Western Cape Congress of SA Trade Unions (Cosatu) secretary Tony Ehrenreich is inconsiderate and insensitive for encouraging farmworkers to go on strike, Independent Democrats MPL Rodney Lentit said on Wednesday.

“It is blatant exploitation of farmworkers that Tony Ehrenreich encourages these farm strikes at the start of the year, when finances are tight and workers have to compensate for various commitments, especially school fees and debt incurred over the festive season,” he said in a statement.

“This is nothing but cheap, political window-dressing at the expense of the poor. The last thing any worker needs is to start the year without having earned a wage or salary when the rest of the country is recovering from festive spending.”

Ehrenreich said he could not respond to the allegations because they were not based on facts.

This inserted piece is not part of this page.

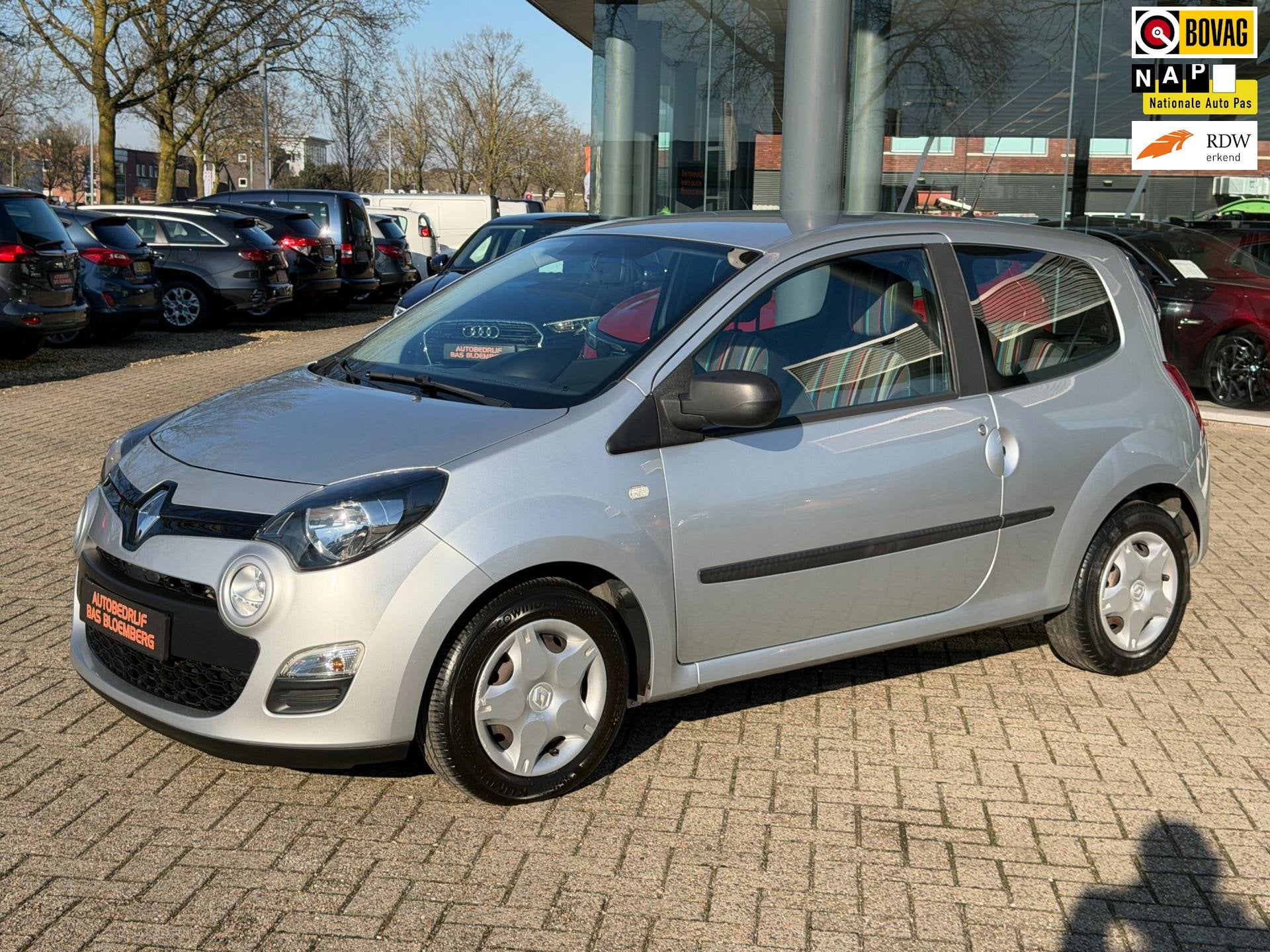 Renault Twingo 1.2 16V Parisienne, Airco, BNluetooth, Radio/, Voorwielaandrijving, Gebruikt, Zwart, 4 cilinders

“Doesn’t he [Lentit] read the papers? All Cosatu is doing is assisting the farmworkers,” he said.

“I can’t respond to something like that, because there isn’t a party like that [the ID], that exists in real terms.”

Parties merging

In 2010, ID leader Patricia de Lille agreed to merge the party with the Democratic Alliance. The parties will be fully merged by 2014.

Lentit said he visited farms in Porterville and the “surrounding areas” on Wednesday morning, and saw that farmworkers were back at their jobs.

“For those few workers who have been encouraged by Tony Ehrenreich to strike, I plead with them to do so in a peaceful and law-abiding way,” he said.

The strike was suspended last year following an undertaking that negotiations would continue between workers’ representatives and individual farmers. However, this proved unsuccessful.

Workers wanted wages of R150 a day and a coherent land reform programme.

At least two people were killed during protests in farming areas between August 27 and December 4.

Arrests made

Lentit said those farm owners whose annual turnover was significantly higher than others needed to compensate their workers.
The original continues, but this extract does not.